Spiritual Intimacy in Shared Prayer


Do you pray with your spouse?  I’m not asking do you pray for your spouse.  Do you pray with your spouse?  I’m also not asking this as a rhetorical question.  I’d honestly like some feedback about whether or not you feel like you pray with your spouse like you should.  And if not, why not?

True, holistic, meaningful intimacy is multifaceted, and spiritual intimacy is a critical dimension of a couple’s overall intimate relationship.  Yet, many couples fail to facilitate their spiritual intimacy through shared prayer.  Why?  A time of shared prayer seems like such a simple thing.  So, why is it so often neglected?

In my experience counseling and talking with couples, wives typically want their husbands to show spiritual leadership in the marriage relationship and be the ones to initiate prayer time together.  However, men have a plethora of reasons for not doing so.  For those men who grew up going to church, many experienced a church culture that stressed the outward "performance" of spiritual disciplines.  Young men were told that they needed to look the right way, read scripture in a flawless manner, lead singing with just the right gusto, speak clearly and confidently from the pulpit, and always use the right language when praying in public worship.  The sense of perfectionism in these disciplines carried over into the home life as well.  Please understand, I am not faulting any previous generation for setting unrealistic or “performance-based standards for prayer.  For those generations, it was not a show.  It was how they perceived "giving your best to God."  Regrettably though, the stress on flowery, poetic language and carefully measured phrasing left many young men who had a different set of God-given talents with the constant sense that their best was not good enough.  So, rather than fail to live up to expectations, it was easier to simply not do anything.  And, that sense of "not good enough" prayers carried over into their marriages.

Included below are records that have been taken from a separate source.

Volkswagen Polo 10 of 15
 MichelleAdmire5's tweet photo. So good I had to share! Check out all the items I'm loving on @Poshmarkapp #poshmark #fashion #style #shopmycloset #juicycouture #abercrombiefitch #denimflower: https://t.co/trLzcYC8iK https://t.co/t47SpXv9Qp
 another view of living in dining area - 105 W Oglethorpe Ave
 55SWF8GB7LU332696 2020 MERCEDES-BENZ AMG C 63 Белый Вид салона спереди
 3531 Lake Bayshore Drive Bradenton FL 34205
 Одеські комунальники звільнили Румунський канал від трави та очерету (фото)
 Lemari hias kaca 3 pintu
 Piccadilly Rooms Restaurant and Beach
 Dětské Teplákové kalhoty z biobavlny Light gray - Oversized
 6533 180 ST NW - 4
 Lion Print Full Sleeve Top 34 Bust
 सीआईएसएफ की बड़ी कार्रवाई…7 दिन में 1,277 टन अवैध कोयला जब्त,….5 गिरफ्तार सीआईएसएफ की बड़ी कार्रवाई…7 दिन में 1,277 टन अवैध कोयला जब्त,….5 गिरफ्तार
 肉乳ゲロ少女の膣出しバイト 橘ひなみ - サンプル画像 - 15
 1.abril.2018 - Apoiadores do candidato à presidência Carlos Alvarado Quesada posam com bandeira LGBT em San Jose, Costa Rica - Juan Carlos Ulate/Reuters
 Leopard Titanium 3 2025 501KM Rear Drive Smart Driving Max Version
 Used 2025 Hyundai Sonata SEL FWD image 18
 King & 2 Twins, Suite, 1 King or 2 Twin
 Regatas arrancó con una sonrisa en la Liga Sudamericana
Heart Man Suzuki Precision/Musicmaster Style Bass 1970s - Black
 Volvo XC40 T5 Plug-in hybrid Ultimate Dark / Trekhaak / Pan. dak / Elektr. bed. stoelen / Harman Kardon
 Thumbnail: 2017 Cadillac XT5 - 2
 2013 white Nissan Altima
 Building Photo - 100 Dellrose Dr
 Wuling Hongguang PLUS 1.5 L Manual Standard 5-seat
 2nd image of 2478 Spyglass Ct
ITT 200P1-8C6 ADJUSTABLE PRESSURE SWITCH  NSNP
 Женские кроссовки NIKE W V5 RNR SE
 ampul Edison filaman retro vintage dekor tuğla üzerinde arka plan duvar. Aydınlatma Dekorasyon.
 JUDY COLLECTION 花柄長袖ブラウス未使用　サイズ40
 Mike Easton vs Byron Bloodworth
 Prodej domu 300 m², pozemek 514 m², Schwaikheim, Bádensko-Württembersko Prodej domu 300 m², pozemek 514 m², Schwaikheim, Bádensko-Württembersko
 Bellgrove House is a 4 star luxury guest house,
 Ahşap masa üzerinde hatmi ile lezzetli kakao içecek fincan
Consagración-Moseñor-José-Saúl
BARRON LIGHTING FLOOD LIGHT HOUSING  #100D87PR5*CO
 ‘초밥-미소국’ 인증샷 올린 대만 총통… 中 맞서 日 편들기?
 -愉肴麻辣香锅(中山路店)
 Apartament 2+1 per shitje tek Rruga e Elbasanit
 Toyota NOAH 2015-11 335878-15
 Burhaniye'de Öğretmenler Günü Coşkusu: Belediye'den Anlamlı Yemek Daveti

This is just one example of what can contribute to a stagnation of shared prayer in marriage.  There are many other, greatly diverse reasons a husband or wife might feel uncomfortable sharing prayer time with his/her spouse.  But, regardless of the specific reason, what do we do?  How do we overcome the barriers to a shared prayer life?

The reality is that most husbands and wives are not taught how to communicate spiritually with their mates (at least not in a way that conveys and grows spiritual intimacy). Here are a couple of suggestions that I think are critical to breaking through this barrier.  First, spouses have to become comfortable speaking honestly in their prayers with each other.  Because of the “perfection in prayer” mentality we sometimes nurture, in our prayers that we vocalize in front of our mates we have problems admitting fear, failure, uncertainty, or other feelings and situations that plague us.  Yet, when I am honest about my spiritual life before my mate, imperfections, doubts and all, I become spiritually transparent and authentic, fostering a greater spiritual intimacy.

Second, every husband and wife needs to be part of a like-gender accountability group.  Men have struggles that only other men can fully understand, and women have struggles that only other women can fully understand.  While we must seek spiritual intimacy primarily with our spouses, we also need others of like-gender to pray with and for us.  But more significantly, we need others in our lives that have permission to crack down on us and hold us accountable if they see we are doing things that will harm our marriage or our spiritual walk.

Pray for your spouse.  But more significantly, honestly and openly pray with your spouse.  It will open up a whole new level of intimacy and connectedness between you.

1 comment:

  1. We pray together, but it was incredibly awkward at first. Even now we don't pray together as often as we should. We're working on it though.